2010:Symbolic Music Similarity and Retrieval
Contents
Description
Retrieve the most similar items from a collection of symbolic documents, given a query, and rank them by melodic similarity. There will be only 1 task this year. Monophonic to monophonic. Both the query and the documents in the collection will be monophonic.
Each system will be given a query and returned the 10 most melodically similar songs from those taken from the Essen Collection (5274 pieces in the MIDI format; see ESAC Data Homepage for more information). For each query, we made four classes of error-mutations, thus the set comprises the following query classes:
- 0. No errors
- 1. One note deleted
- 2. One note inserted
- 3. One interval enlarged
- 4. One interval compressed
Task Specific Mailing List
You can subscribe to this list to participate in the discussion.
Data
- 5,274 tunes belonging to the Essen folksong collection. The tunes are in standard MIDI file format. Download (< 1 MB)
Evaluation
The same method for building the ground truth as last year will be used. This method has the advantage that no ground truth needs to be built in advance. After the algorithms have been submitted, their results are pooled for every query, and human evaluators are asked to judge the relevance of the matches for some queries.
Submission Format
Input
Parameters:
- the name of a directory containing about 5,000 MIDI files containing monophonic folk songs and
- the name of one MIDI file containing a monophonic query.

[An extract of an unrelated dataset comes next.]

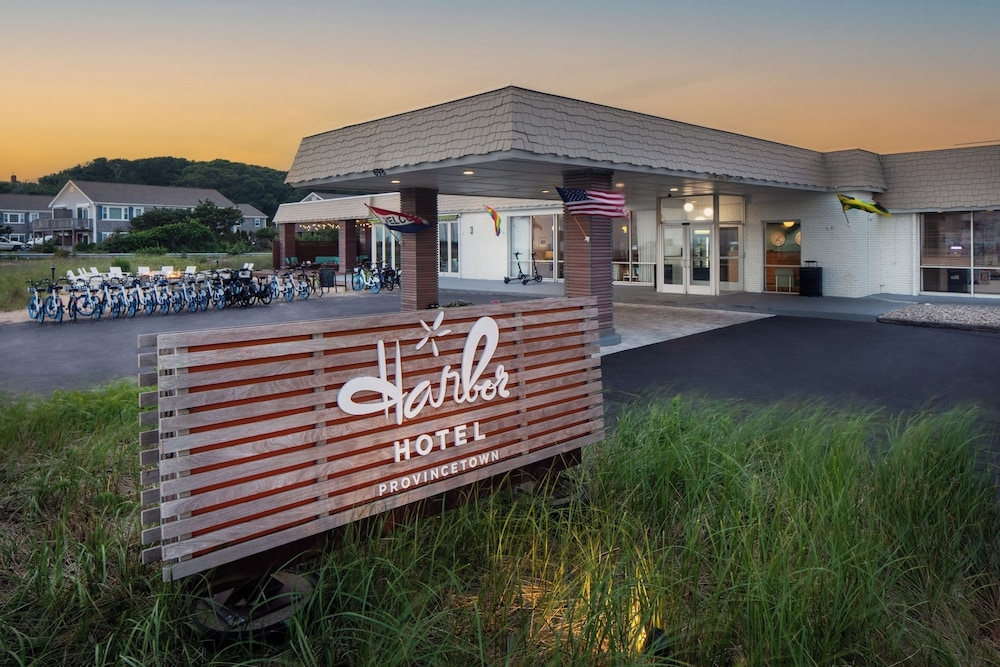 建物のデザイン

The program will be called once for each query.
Expected output
A list of the names of the 10 most similar matching MIDI files, ordered by melodic similarity. Write the file name in separate lines, without empty lines in between.
Packaging submissions
All submissions should be statically linked to all libraries (the presence of dynamically linked libraries cannot be guarenteed).
All submissions should include a README file including the following the information:
- Command line calling format for all executables and an example formatted set of commands
- Number of threads/cores used or whether this should be specified on the command line
- Expected memory footprint
- Expected runtime
- Any required environments (and versions), e.g. python, java, bash, matlab.